* Stored data

──────────────────────────────

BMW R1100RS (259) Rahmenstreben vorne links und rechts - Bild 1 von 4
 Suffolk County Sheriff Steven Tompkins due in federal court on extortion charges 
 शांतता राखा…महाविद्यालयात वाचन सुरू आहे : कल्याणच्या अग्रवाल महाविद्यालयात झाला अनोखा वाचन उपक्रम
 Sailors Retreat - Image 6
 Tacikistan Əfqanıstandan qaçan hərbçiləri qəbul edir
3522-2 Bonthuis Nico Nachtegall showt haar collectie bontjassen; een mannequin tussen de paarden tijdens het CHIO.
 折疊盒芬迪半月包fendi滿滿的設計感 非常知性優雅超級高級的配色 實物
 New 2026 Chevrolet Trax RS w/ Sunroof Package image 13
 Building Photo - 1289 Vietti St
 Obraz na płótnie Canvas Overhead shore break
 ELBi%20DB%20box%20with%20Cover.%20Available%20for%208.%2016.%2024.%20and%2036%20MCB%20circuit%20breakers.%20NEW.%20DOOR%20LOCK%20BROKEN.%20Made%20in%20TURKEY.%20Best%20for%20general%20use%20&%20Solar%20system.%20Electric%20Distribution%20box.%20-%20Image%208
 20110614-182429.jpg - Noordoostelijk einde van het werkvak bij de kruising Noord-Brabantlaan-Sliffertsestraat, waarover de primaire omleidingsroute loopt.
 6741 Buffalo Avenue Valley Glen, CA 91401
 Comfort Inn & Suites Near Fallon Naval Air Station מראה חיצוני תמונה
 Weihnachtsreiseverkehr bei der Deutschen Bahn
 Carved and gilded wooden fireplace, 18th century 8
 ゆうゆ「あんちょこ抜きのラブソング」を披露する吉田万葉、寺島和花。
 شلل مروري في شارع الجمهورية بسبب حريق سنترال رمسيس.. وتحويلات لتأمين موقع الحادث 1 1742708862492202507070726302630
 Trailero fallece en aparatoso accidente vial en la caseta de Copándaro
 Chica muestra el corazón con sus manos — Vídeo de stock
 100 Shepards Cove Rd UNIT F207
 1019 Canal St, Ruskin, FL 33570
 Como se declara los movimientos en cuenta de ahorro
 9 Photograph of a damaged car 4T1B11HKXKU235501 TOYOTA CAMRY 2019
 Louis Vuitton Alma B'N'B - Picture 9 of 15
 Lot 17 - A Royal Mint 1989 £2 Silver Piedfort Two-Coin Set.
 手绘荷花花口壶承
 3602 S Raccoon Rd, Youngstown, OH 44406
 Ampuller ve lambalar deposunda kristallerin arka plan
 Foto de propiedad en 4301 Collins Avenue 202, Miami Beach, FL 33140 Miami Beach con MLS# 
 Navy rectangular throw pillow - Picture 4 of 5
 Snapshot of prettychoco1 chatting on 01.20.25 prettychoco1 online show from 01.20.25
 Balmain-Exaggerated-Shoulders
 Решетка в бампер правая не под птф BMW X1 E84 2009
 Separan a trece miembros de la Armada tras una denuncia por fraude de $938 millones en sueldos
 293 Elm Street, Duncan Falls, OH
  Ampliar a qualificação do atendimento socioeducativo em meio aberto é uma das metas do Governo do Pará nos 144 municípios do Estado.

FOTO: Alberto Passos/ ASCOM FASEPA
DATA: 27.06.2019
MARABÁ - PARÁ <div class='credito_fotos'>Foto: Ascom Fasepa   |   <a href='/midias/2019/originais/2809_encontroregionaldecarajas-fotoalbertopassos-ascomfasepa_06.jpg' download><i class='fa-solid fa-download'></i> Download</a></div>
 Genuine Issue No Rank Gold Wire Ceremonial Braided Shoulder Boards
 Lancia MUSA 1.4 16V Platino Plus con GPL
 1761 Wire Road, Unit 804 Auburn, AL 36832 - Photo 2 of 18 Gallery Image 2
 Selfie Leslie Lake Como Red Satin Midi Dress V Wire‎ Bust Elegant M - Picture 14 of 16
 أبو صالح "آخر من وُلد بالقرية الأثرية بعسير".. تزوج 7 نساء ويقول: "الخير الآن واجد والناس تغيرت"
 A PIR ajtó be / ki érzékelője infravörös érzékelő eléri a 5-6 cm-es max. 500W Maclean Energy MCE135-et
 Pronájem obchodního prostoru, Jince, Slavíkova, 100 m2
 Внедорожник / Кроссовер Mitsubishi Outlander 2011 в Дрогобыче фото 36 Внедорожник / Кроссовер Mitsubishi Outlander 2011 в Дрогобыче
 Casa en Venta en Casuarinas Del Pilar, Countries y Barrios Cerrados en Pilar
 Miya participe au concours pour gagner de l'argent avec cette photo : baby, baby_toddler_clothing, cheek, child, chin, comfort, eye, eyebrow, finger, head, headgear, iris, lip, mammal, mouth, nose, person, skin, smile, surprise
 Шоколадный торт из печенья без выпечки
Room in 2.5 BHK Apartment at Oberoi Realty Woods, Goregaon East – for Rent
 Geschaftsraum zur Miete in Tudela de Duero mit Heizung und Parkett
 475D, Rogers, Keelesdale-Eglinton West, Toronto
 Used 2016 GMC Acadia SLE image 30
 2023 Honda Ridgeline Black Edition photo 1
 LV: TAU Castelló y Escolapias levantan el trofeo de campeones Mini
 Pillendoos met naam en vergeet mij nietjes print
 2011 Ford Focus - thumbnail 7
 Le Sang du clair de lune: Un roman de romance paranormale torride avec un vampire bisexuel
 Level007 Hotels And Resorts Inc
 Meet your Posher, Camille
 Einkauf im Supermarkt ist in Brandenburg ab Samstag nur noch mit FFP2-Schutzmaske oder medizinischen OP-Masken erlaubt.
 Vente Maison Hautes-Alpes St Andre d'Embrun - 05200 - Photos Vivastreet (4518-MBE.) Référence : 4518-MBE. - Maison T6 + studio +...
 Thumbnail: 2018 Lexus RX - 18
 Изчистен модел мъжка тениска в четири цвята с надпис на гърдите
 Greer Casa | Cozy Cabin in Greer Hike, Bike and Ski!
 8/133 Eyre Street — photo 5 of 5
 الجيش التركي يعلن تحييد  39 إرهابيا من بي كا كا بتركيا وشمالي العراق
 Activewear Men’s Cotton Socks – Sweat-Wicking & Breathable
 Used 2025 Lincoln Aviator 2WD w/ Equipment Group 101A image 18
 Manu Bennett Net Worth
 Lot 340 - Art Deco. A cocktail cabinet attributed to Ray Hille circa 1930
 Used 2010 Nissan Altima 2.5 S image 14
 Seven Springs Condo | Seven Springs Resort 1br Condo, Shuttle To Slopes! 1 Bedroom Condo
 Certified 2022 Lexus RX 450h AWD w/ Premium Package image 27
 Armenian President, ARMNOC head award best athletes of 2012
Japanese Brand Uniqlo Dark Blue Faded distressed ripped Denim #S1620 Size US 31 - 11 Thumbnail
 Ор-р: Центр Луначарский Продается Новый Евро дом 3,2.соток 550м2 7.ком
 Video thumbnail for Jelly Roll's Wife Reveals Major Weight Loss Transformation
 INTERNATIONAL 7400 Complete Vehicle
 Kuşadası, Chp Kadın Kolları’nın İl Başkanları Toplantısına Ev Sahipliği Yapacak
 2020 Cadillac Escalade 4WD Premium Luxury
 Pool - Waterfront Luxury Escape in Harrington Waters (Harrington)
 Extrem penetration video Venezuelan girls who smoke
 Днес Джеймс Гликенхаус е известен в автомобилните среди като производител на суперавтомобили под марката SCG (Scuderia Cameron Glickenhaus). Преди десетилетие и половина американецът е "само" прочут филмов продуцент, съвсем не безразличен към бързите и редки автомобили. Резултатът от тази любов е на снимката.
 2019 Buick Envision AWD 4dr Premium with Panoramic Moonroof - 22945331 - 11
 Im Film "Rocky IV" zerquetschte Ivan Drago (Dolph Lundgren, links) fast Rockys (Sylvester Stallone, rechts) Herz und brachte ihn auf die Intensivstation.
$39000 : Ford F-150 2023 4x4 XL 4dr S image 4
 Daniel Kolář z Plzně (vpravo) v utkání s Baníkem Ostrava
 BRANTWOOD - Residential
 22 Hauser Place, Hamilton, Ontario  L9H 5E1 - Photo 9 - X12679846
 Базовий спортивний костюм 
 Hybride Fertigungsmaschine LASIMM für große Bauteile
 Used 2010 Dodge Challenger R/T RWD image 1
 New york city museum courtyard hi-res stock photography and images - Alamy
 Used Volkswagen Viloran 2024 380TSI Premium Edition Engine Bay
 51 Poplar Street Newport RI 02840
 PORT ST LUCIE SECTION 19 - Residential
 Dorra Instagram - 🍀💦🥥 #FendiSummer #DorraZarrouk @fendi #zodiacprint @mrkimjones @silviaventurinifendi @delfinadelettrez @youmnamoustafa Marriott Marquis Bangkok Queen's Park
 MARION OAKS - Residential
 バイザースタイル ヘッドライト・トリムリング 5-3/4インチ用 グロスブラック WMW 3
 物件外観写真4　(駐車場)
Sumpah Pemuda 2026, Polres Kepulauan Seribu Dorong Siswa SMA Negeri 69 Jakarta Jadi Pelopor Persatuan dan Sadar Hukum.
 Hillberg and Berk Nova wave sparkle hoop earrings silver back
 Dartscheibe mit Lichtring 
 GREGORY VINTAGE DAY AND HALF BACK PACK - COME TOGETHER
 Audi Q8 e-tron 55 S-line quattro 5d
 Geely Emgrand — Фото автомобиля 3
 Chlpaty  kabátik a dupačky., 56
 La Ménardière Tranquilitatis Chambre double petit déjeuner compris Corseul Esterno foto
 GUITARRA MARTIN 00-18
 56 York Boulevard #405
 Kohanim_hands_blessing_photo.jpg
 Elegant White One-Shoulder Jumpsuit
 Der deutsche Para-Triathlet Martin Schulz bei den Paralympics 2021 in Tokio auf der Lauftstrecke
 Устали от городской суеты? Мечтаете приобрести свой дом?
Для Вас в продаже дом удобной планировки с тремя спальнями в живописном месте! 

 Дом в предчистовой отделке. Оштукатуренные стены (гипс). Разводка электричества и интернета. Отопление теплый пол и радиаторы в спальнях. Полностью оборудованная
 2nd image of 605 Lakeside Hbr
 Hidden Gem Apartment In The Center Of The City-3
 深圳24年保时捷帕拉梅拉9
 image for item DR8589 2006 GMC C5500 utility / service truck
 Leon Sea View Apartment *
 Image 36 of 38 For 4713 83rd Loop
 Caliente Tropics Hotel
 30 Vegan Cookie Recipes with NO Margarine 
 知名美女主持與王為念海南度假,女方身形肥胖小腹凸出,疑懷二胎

──────────────────────────────

* Directions for this task
Where does the string "rechts" appear in the records? Copy every line that holds it.

* Answer section
BMW R1100RS (259) Rahmenstreben vorne links und rechts - Bild 1 von 4
 Im Film "Rocky IV" zerquetschte Ivan Drago (Dolph Lundgren, links) fast Rockys (Sylvester Stallone, rechts) Herz und brachte ihn auf die Intensivstation.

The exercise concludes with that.